No doubt, but this time of year even the vegans enjoy eating rabbits, of the chocolate and marshmallow variety delivered by the Easter Bunny. Perhaps it’s an attempt to steer humankind away from our repulsive carnivorous habits? Although his ancestry is in pagan folklore – a fertility symbol, probably – the E.B. is an unthreatening sort. But it’s striking how many of his fictitious cousins from nerdy pop culture are fiercely formidable, even sinister and scary, and how often they even the score with humankind for our lapine cruelties.
A few examples…
18. E. Aster Bunnymund
Maybe the toughest version of the EB per se was the one in the 2012 animated film Rise of the Guardians, a conflation of William Joyce’s children’s book series.
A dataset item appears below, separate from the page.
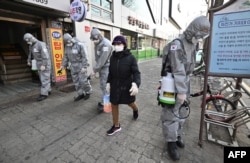 A woman wearing a face mask walks past South Korean soldiers wearing protective gear as they spray disinfectant on the street to help prevent the spread of the COVID-19 coronavirus, in Seoul on March 6, 2020.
Along with a Santa Claus who sounds like a radio-comedy Russian, a half-woman/half-hummingbird Tooth Fairy, and a rotund and silent Sandman who communicates by shaping his thoughts in sand over his head, the Bunny is one of the Guardians, a sort of Justice League defending children’s hopes and dreams.
An Aussie badass voiced by Hugh Jackman, the Bunny wields a boomerang and bears a grudge against aspiring Guardian Jack Frost, for the “Blizzard of ’68” on Easter Sunday. His cute little bunny nature sneaks out, however: when he exits via burrow, he tends leave a little flower behind.
17. Bucky O’Hare
“Get the funky fresh rabbit who can take care of it!” So we are advised, in the event that we’re having a rough day, in the rousing theme song of this short-lived but fondly-remembered early-’90s cartoon, based in turn on the mid-’80s comic by Larry Hama. Bucky was a space adventurer who led a crew of mammals against the Toad Empire controlled by the sinister computer KOMPLEX.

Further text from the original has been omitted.